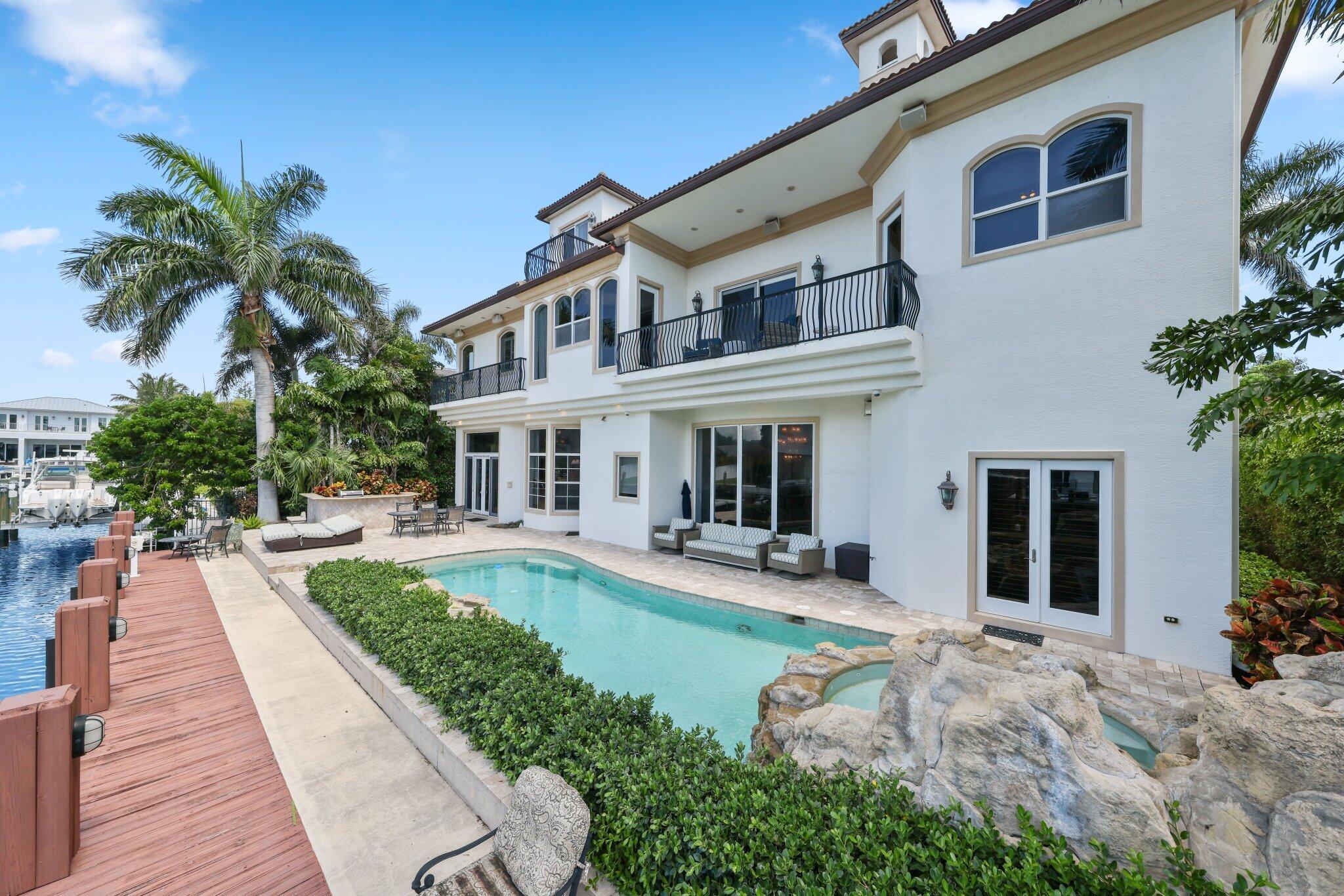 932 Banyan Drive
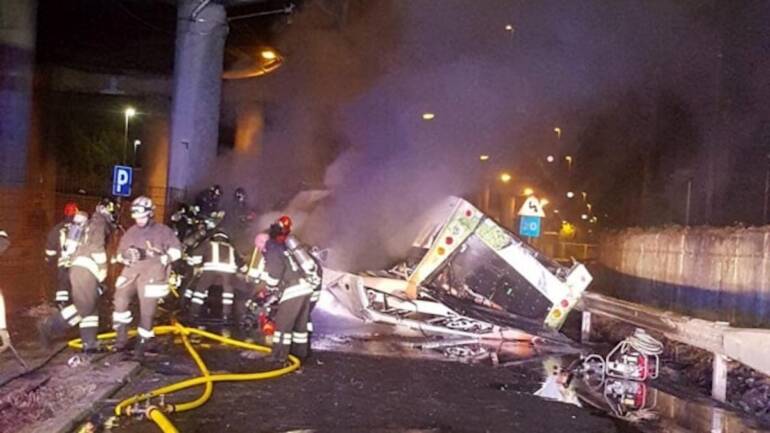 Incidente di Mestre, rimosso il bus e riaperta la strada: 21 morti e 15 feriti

- - - - - - -

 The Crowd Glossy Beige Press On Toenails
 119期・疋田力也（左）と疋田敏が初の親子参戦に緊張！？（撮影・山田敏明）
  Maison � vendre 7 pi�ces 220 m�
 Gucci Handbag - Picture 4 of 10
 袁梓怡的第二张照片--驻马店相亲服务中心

- - - - - - -

## Work item
From the records above, extract exactly and only the lines that begin at the line with "119期・疋田力也（左）と疋田敏が初の親子参戦に緊張！？（撮影・山田敏明）" and stop after the line with "袁梓怡的第二张照片--驻马店相亲服务中心".

## Written response
 119期・疋田力也（左）と疋田敏が初の親子参戦に緊張！？（撮影・山田敏明）
  Maison � vendre 7 pi�ces 220 m�
 Gucci Handbag - Picture 4 of 10
 袁梓怡的第二张照片--驻马店相亲服务中心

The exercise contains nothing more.